Wednesday, June 29, 2011

The Danger of Wanting It

If you've ever been unemployed for any great stretch of time, then you know the worst part about looking for a new job is going on that great interview where everything seems to fit together, and then never hearing back from the job. Ever.

And if you have a friend who is an actor, and you've complained about this to them, you've probably gotten a knowing smirk and a nod. Because trust me, we understand how that feels. I've been going on auditions for almost four years and I can count on one hand the number of times I've been contacted when I didn't get the part.

It's not the fault of the auditioners, of course. Too many people audition or submit for each role for there to be time to call every single person not being cast. And these people don't have assistants, they're doing everything themselves. I know if I'd just spent 9 hours sitting in a plastic folding chair for two days straight watching two hundred bitches murder the Spoon River Anthology in a small windowless room, the girls not being cast would be lucky not to be getting kicked in the teeth for wasting my time.

That being said, I pride myself on being very good at keeping my eye on the ball. I don't come out of every audition waiting on pins and needles to hear that I got the part. I don't sit at home on a Friday night waiting for the phone to ring, I make sure I'm out at the club the very next night, mackin' it to the honeys.

But every once in a while I'll lose my shit a little bit. Some audition will come along and before you know it I'm imagining myself married to it, with a house on Long Island and a bunch of little babies running around the pool deck with those big foam noodle things. Such was the case last week, with an audition and callback that I thought went very well.

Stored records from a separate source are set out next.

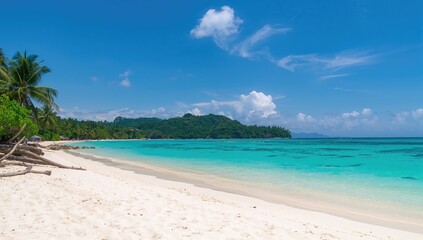 Fototapeta premium Pristine white sands of a tropical beach, ideal for diving and snorkeling with marine life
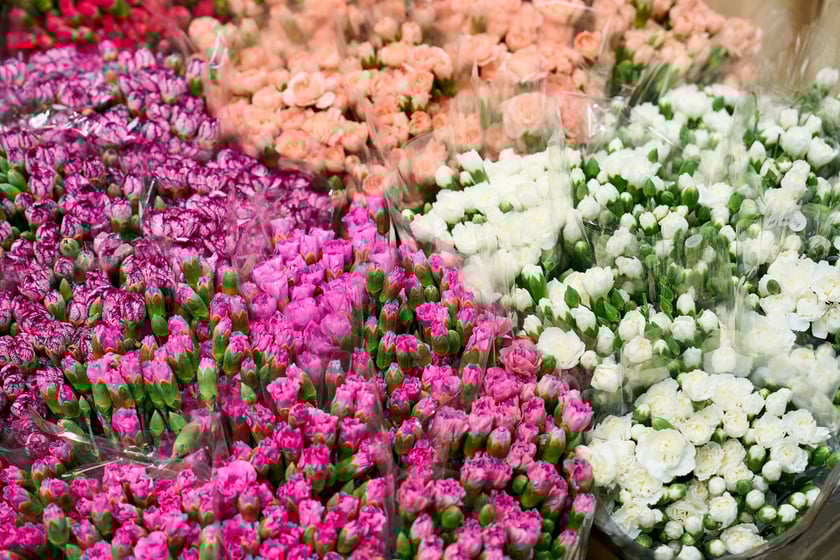 Giełda Kwiatowa we Wrocławiu - oto co na niej dostaniemy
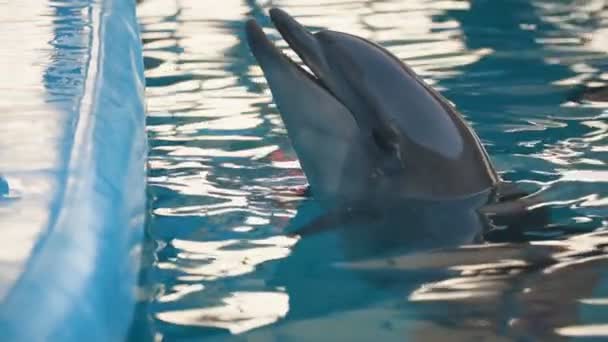 Dolphin in the pool — Stock Video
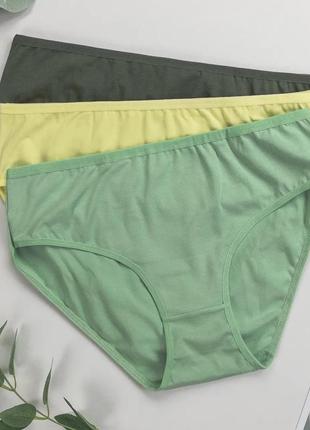 Набор трусиков женских брифы тройки 3 шт 55000-590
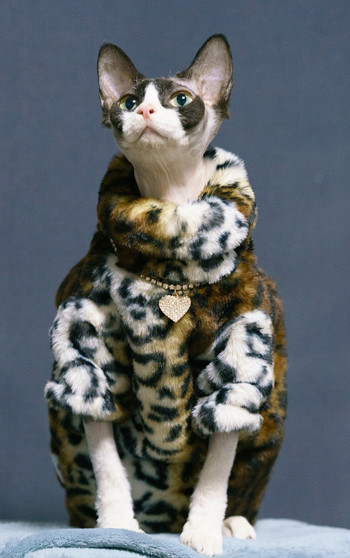 Ρούχα για γάτες DUOMASUMI Sphynx Fashion Μαλακό μπουφάν για γάτες Άνετο, ανθεκτικό στη βρωμιά, βελούδινο παχύρρευστο χειμωνιάτικο άτριχο ρούχα για γάτες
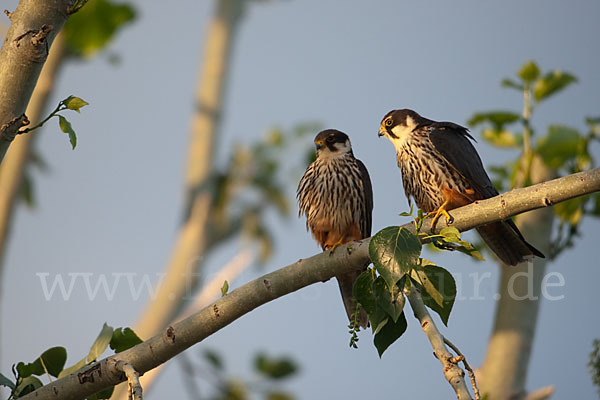 Baumfalke (Falco subbuteo)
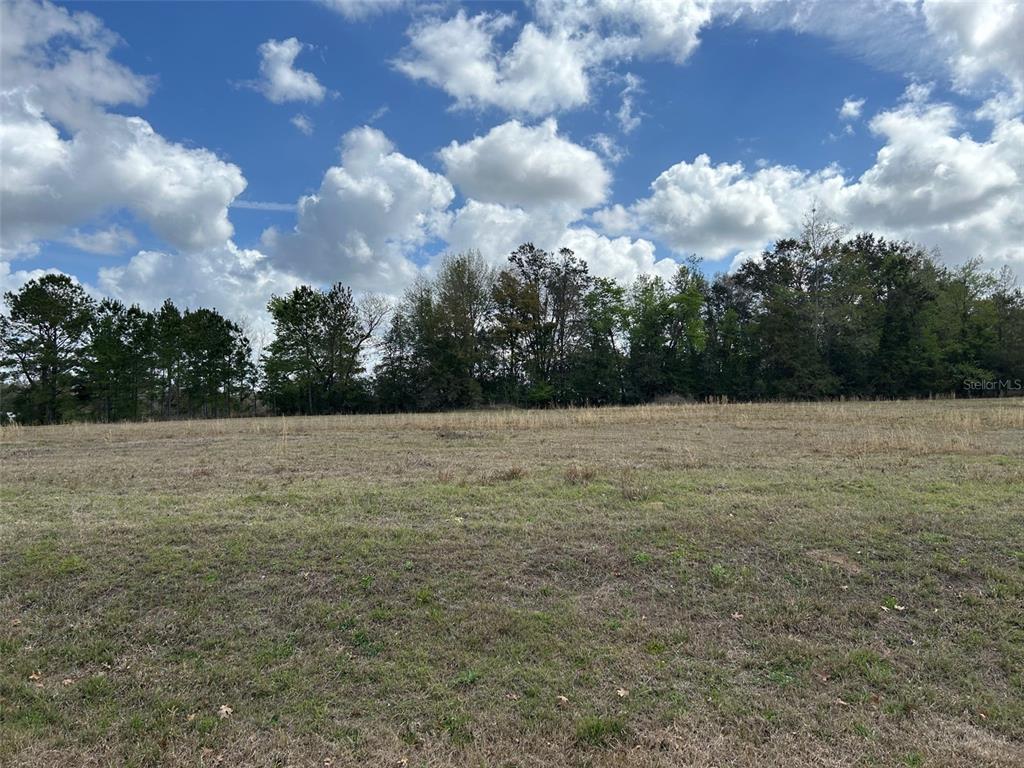 A wide, grassy field sits in front of a dense line of trees under a cloudy sky — NW 104TH TERRACE, ALACHUA, FL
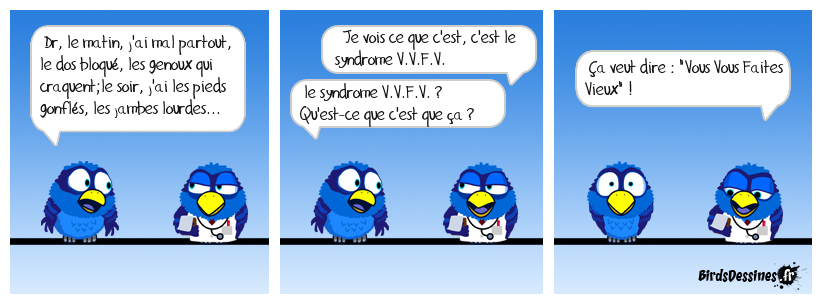 La page médicale : le syndrome V.V.F.V.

So well in fact, that when I went in for the callback, the director smiled, said "Hey sweetie, great to see you again," and told me that my read was excellent. Needless to say, I walked out and immediately called my boyfriend to tell him I thought it was in the bag. All that was left to do was put my feet up and wait for the phone to ring.

The next day I still hadn't heard anything, but I didn't worry. After all, I don't know how late into Thursday night callbacks had gone, they might be waiting a day or two to start letting people know. But I had thoroughly convinced myself that I would be getting a call, so I tried to get on with my life.

Unfortunately that meant checking my email obsessively every ten minutes.

By Sunday night, every good thing I'd done at the audition was forgotten and I'd convinced myself I was utterly wrong for the part. I was too young, and too mature. My read was too sentimental, but didn't get to an emotional enough place. My eyes were too blue, but not blue enough.

Monday morning I realized I'm an idiot. If I got it, it's because I got it. And if I didn't it's because of any number of other reasons that have nothing to do with me.

It is now Tuesday. A week from the initial audition. So now, I'm taking a deep breath, and letting it go. I'm moving on to the next thing, and keeping my eye on the ball.